AOL TV summarizes an interview with singer/actress Kristin Chernoweth, where she claims that "her staunch Christian beliefs are not at odds with her support for the gay community."
In an interview with 'The Advocate' Chenoweth says that people are born gay or straight, just like they're either tall or short, and that it's not a choice. In response to a question about people who cite Christianity as justification for passing discriminatory laws, she said "I would ask, 'What would Jesus do?'"
She added that, "It sounds so cliché and Pollyanna-ish, but I have a feeling if he were on the earth today, he wouldn't be walking around saying, 'You're going to hell' and 'You're wrong, you're wrong, you're wrong.' I think he'd be accepting and loving."
Chenoweth continued, using her own tiny stature to illustrate her point. "What would I do if it was a sin to be short?

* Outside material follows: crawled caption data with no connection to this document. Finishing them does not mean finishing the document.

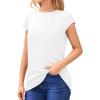 imageMANGOPOP Womens Tops Summer Trendy Cap Sleeve T Shirts Crew Neck Tunic Dressy Business Casual Work Outfits Clothes 2025White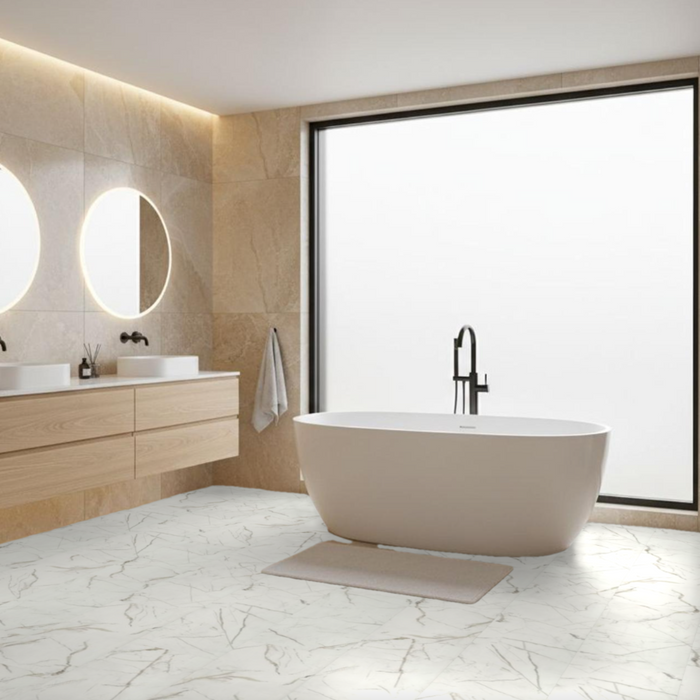 Beautiful Marble LVT Bathroom in a Modern home from Proximity mills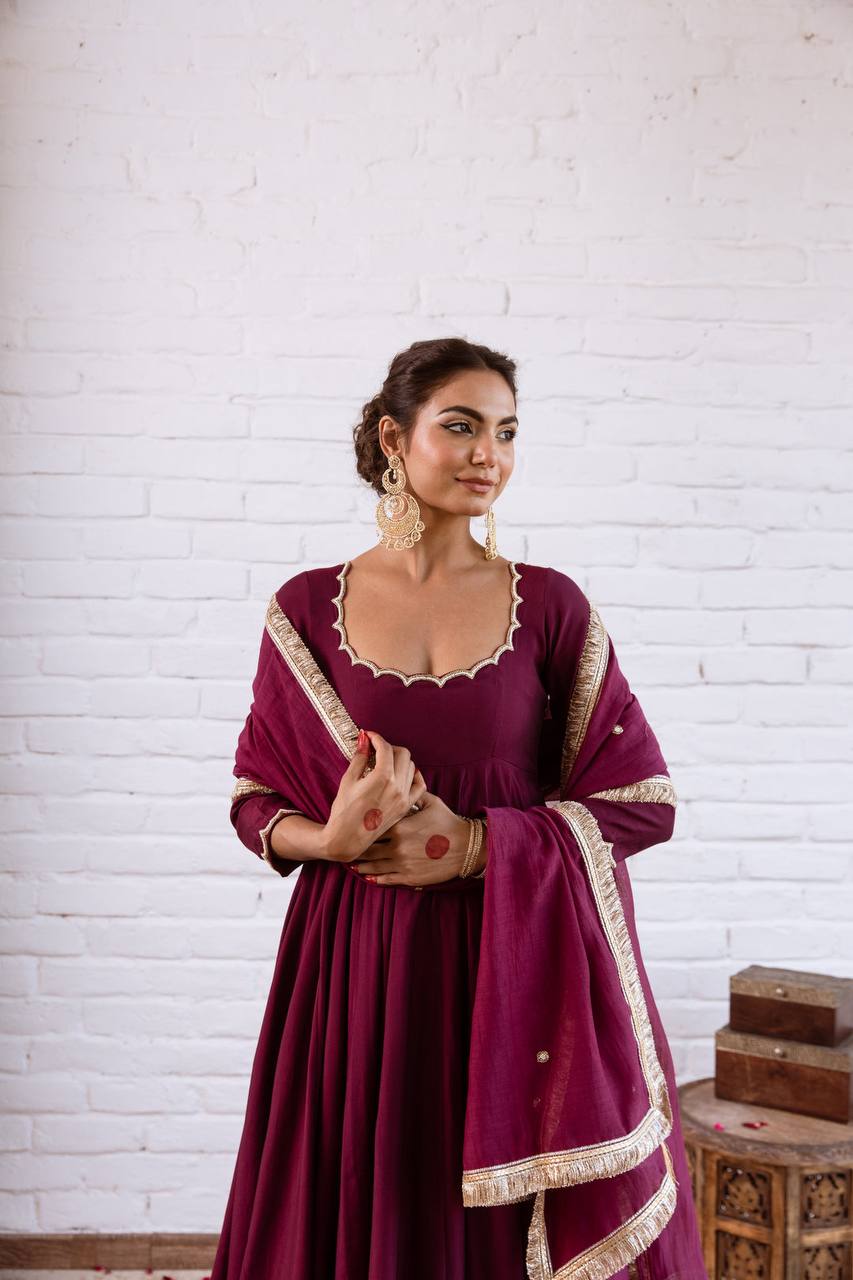Designer Vichitra Silk Anarkali Gown with Beads Work & Dupatta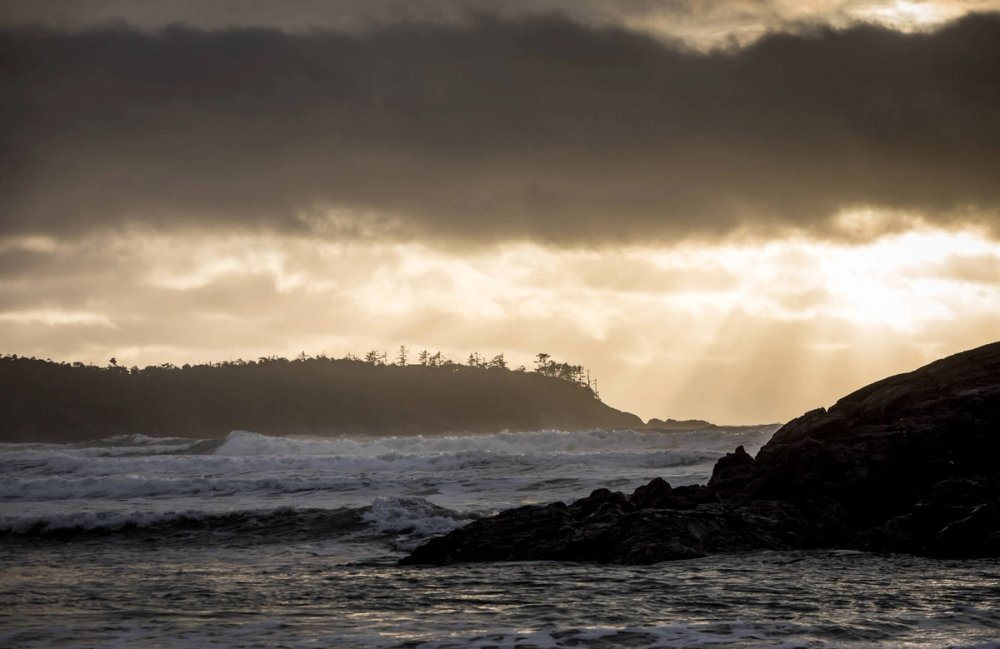 Storm clouds over a beach in Tofino on Vancouver Island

That's the way God made me, so what could I do? Let's see, I could wear heels, I could tease my hair, and maybe on a good day I could be 5'1". But the bottom line is, I'm 4'11" and that's the way I was put together. And that's what I believe about homosexuals."
The example of "if it was a sin to be short" is of course, ridiculous. The fact is that there are lots of things that people believe are wrong even though people have a natural inclination to do them. From lusting in your heart after someone to the fact that by nature we enjoy stealing and talking about our neighbor behind their back, we are by nature sinners. Our natural condition or desire is no gauge for morality. I hate to drop a bomb like Lewis on Chernoweth's head, because she's such a sweet lady, but this notion that our natural desires
are good and are the measure of goodness needs to be laid to rest once and for all. Take it, Lewis:
Telling us to obey Instinct is like telling us to obey 'people'. People say different things: so do instincts. Our instincts are at war. If it is held that the instinct for preserving the species should always be obeyed at the expense of other instincts, whence do we derive this rule of precedence? To listen to that instinct speaking in its own cause and deciding it in its own favour would be rather simple-minded. Each instinct, if you listen to it, will claim to be gratified at the expense of all the rest. By the very act of listening to one rather than to others we have already prejudged the case. If we did not bring to the examination of our instincts a knowledge of their comparative dignity we could never learn it from them. And that knowledge cannot itself be instinctive: the judge cannot be one of the parties judged; or, if he is, the decision is worthless and there is no ground for placing the preservation of the species above self-preservation or sexual appetite.
As far as I'm concerned, Christians ought to stop fighting the battle over whether or not some people are born with homosexual desires. Let us grant it. Supporters of the morality of homosexual behavior are still left in the position of defending a morality which is rooted in the human condition rather than in an external natural law. As Lewis says in the above quote from
The Abolition of Man, this position is circular in nature.